Exercise directions —
Starting at the line that contains "Dameshorloge met kleine", reproduce only the lines through the end of the data, exactly, including both the first and the last; skip the pictures.

• • •

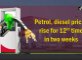 Petrol, diesel prices rise for 12th time in two weeks Petrol, diesel prices rise for 12th time in two weeks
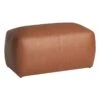 Honeybloom Beau Cognac Faux Leather Bench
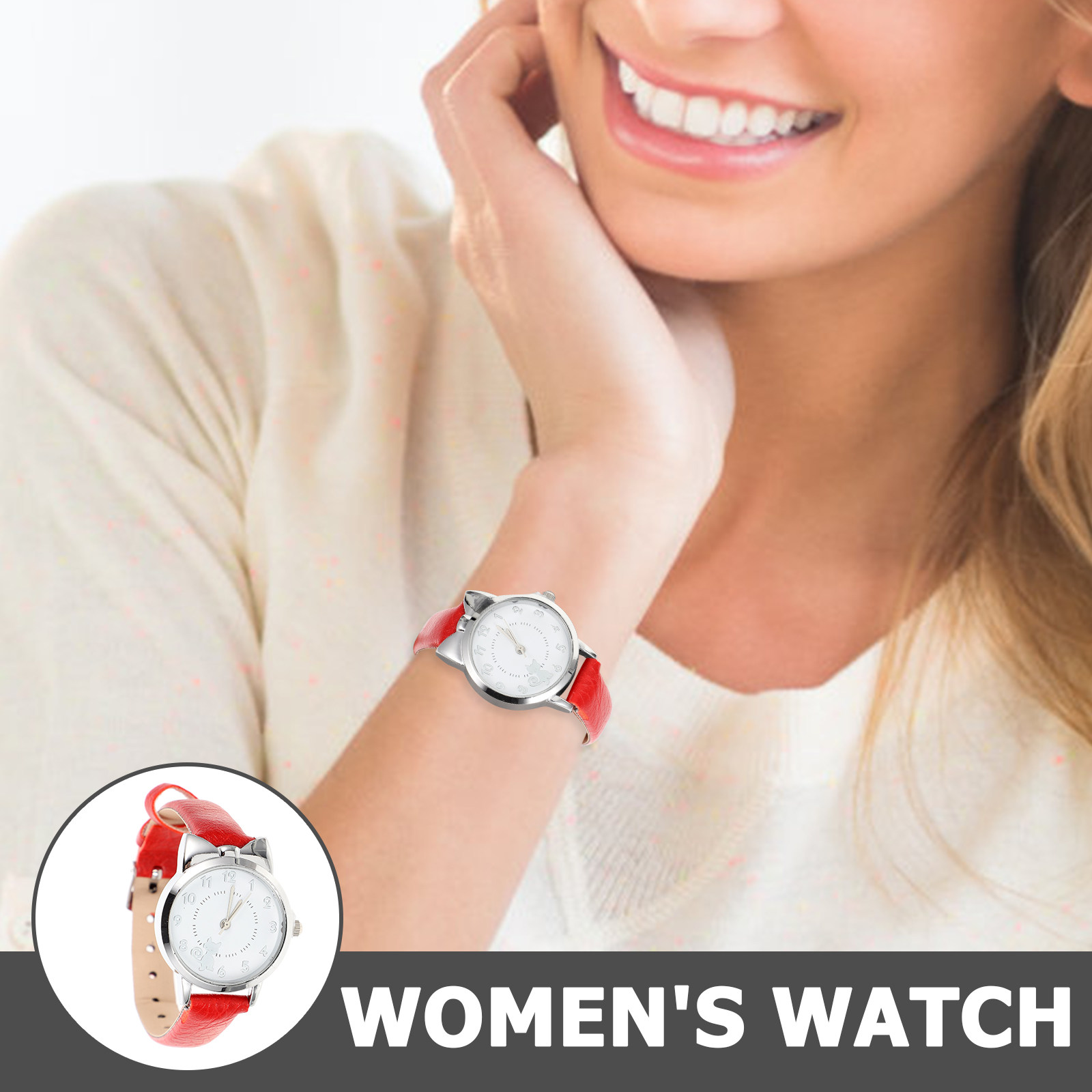 Dameshorloge met kleine kattet - Luxury Watch Drawing recensie en prijs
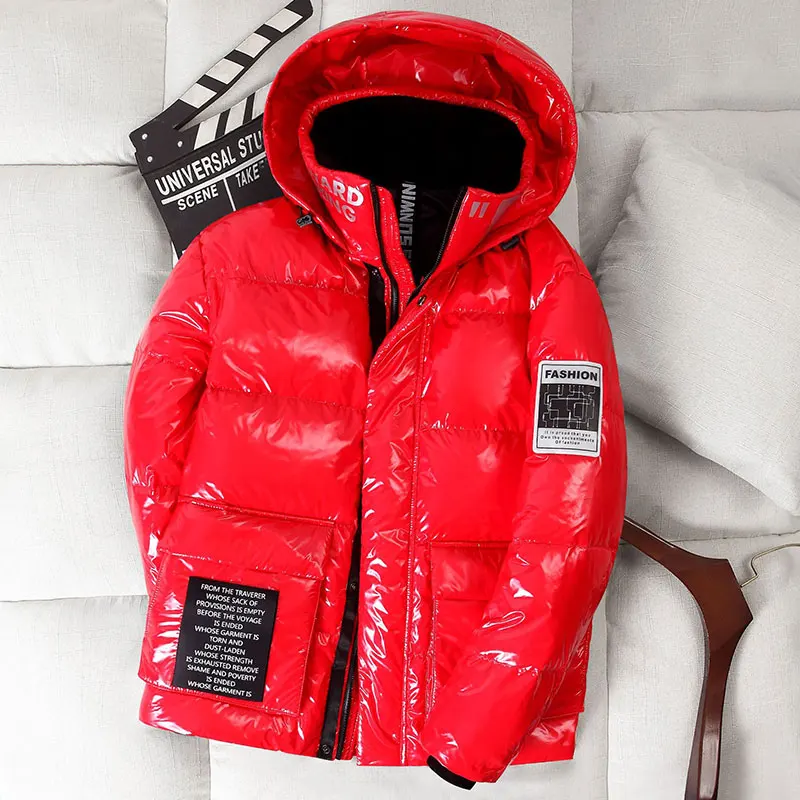 Short Down Coat New 2020 Shiny Fashion Winter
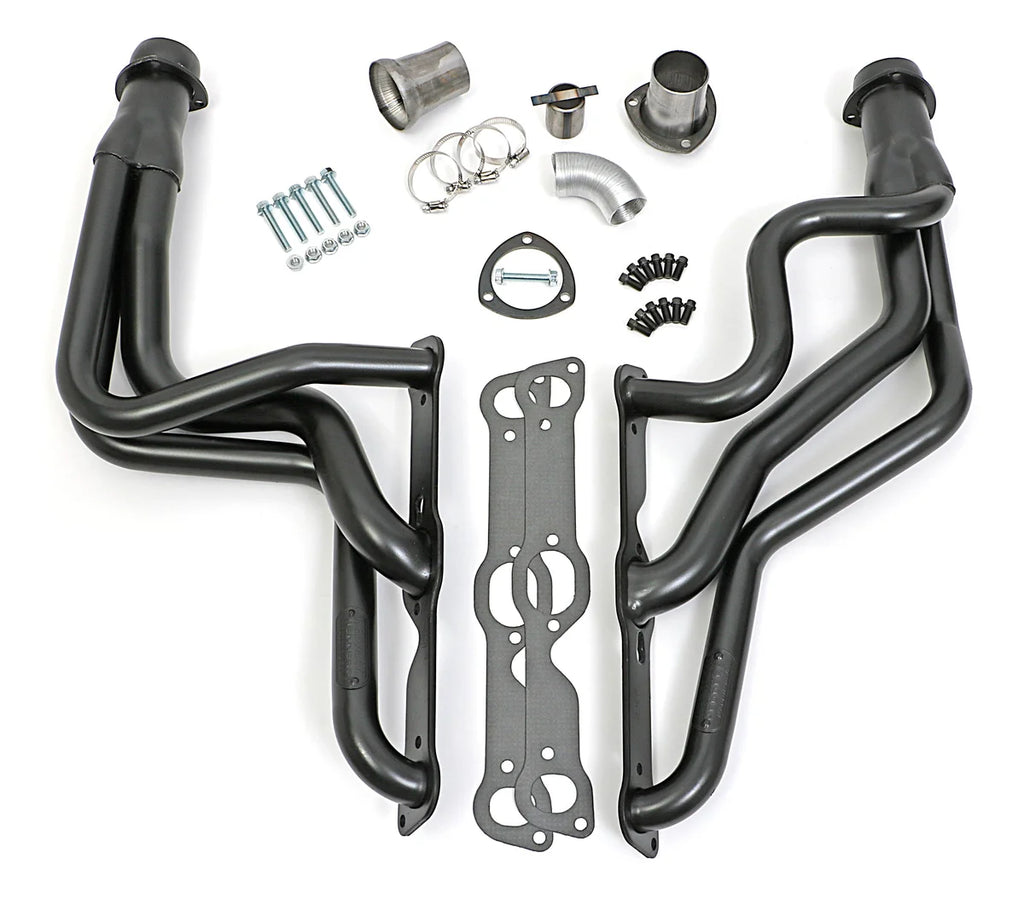 Hedman Hedders Uncoated Long 3-Tube Headers for 1967-81 Pontiac Firebird with Pontiac V8 28140 - Main Product View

• • •

Task solution —
 Dameshorloge met kleine kattet - Luxury Watch Drawing recensie en prijs
 Short Down Coat New 2020 Shiny Fashion Winter
 Hedman Hedders Uncoated Long 3-Tube Headers for 1967-81 Pontiac Firebird with Pontiac V8 28140 - Main Product View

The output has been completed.